# [WORK REQUIRED]
Nothing in the records below should be altered when they are retyped.

(Recorded data)
☆ ☆ ☆ ☆ ☆ ☆ ☆

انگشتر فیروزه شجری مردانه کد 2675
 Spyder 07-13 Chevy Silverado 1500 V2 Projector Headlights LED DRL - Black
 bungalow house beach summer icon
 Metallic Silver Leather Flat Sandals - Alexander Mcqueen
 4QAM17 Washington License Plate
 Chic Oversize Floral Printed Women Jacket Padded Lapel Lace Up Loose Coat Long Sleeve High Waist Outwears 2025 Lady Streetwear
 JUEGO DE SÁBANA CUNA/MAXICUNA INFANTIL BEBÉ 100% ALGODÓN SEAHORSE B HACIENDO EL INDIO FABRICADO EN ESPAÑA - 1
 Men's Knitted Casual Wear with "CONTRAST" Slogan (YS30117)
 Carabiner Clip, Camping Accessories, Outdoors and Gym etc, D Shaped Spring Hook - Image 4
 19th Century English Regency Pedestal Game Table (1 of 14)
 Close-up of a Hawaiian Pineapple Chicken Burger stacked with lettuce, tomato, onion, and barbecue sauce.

☆ ☆ ☆ ☆ ☆ ☆ ☆

# [ANSWER]
انگشتر فیروزه شجری مردانه کد 2675
 Spyder 07-13 Chevy Silverado 1500 V2 Projector Headlights LED DRL - Black
 bungalow house beach summer icon
 Metallic Silver Leather Flat Sandals - Alexander Mcqueen
 4QAM17 Washington License Plate
 Chic Oversize Floral Printed Women Jacket Padded Lapel Lace Up Loose Coat Long Sleeve High Waist Outwears 2025 Lady Streetwear
 JUEGO DE SÁBANA CUNA/MAXICUNA INFANTIL BEBÉ 100% ALGODÓN SEAHORSE B HACIENDO EL INDIO FABRICADO EN ESPAÑA - 1
 Men's Knitted Casual Wear with "CONTRAST" Slogan (YS30117)
 Carabiner Clip, Camping Accessories, Outdoors and Gym etc, D Shaped Spring Hook - Image 4
 19th Century English Regency Pedestal Game Table (1 of 14)
 Close-up of a Hawaiian Pineapple Chicken Burger stacked with lettuce, tomato, onion, and barbecue sauce.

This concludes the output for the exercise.